Though Nelly Korda’s 62 stole the show on the second day of the Olympic Women’s Golf event, the team of two from Denmark conquered Kasumigaseki Country Club in their own way, soaring up the leaderboard. Nanna Koerstz Madsen, in her second Olympic Games, and Emily Pedersen, making her debut, burned up the course amid blazing temperatures as both vie for their first Olympic medals.
Koerstz Madsen got off to a hot start on her front nine, recording birdies on Nos. 3, 5, 6 and 7 and finishing off her run of solid play with an eagle on No. 8. A bogey before the turn set her back one, but she was able to post two more birdies on the closing nine to finish with a second-round 64. After three birdies, an eagle and two bogeys in her first 10 holes, Pedersen was able to bring it home with five birdies in the final eight holes. Together, the Danes jumped up into a tie for second with India’s Aditi Ashok at -9 overall.
They’re only one of two teams with all members in the top 10, joining Australia with Hannah Green (8th) and Minjee Lee (T9). “I knew I had the game. I knew my putting was good if I just trusted it.
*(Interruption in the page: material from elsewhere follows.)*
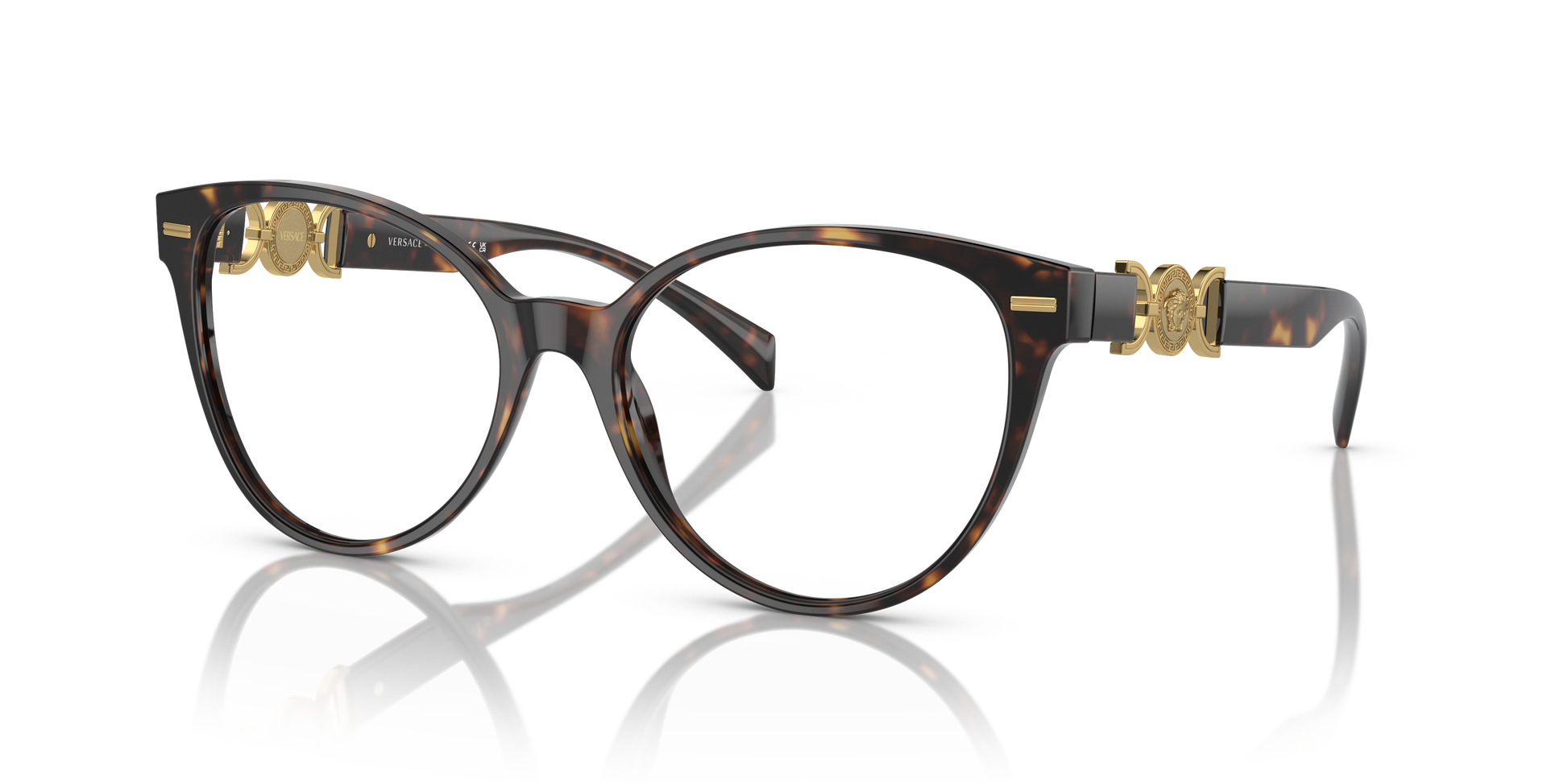 Versace VE3334 108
So, it just all depends that it all adds up at once and it kind of did today,” said Koerstz Madsen, who finished T13 back at the 2016 Rio Olympics.
Though the two may not be the closest of friends, Koerstz Madsen and Pedersen were almost side-by-side coming up through the world of junior golf in Denmark to now representing their nation on one of the world’s biggest stages.
“We played junior golf together so we're from the same golf club, actually. Our parents live 500 meters from each other. So, we have grown up together and kind of followed each other all the way,” said Pedersen. “I think we have always pushed each other. Obviously, when you grow up, we started, I was 10 and Nanna was 12 when I started and we kind of always have been pushing each other, competing and I think that's one of the reasons we're both so good and it's been a good environment to grow up in, having someone to push you a lot.”
With tropical storms looming, the International Golf Federation has warned of a potential reduction to 54 holes, but all parties are keen on completing as a 72-hole competition. Koerstz Madsen said she wants to finish it out as a four-round event but knows Mother Nature is never to be messed with playing an outdoor sport.
Pedersen agreed. “If there's one thing I've learned, or I feel like with golf is that you can’t force it. But I just tried to do my best on every shot,” she said. “Obviously I knew that if you have three rounds to catch up four shots and two rounds to catch up four shots you want to kind of make a move. But I feel like you mentally have to be in a place where you give yourself a chance to do that and I feel like I was today.”